● **To do**
Only an exact repetition of the entries will do.

(Data items)
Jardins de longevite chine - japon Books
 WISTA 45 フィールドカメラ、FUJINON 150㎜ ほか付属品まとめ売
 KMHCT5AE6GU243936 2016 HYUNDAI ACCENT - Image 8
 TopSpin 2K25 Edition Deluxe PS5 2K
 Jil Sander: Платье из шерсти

● **Written solution**
Jardins de longevite chine - japon Books
 WISTA 45 フィールドカメラ、FUJINON 150㎜ ほか付属品まとめ売
 KMHCT5AE6GU243936 2016 HYUNDAI ACCENT - Image 8
 TopSpin 2K25 Edition Deluxe PS5 2K
 Jil Sander: Платье из шерсти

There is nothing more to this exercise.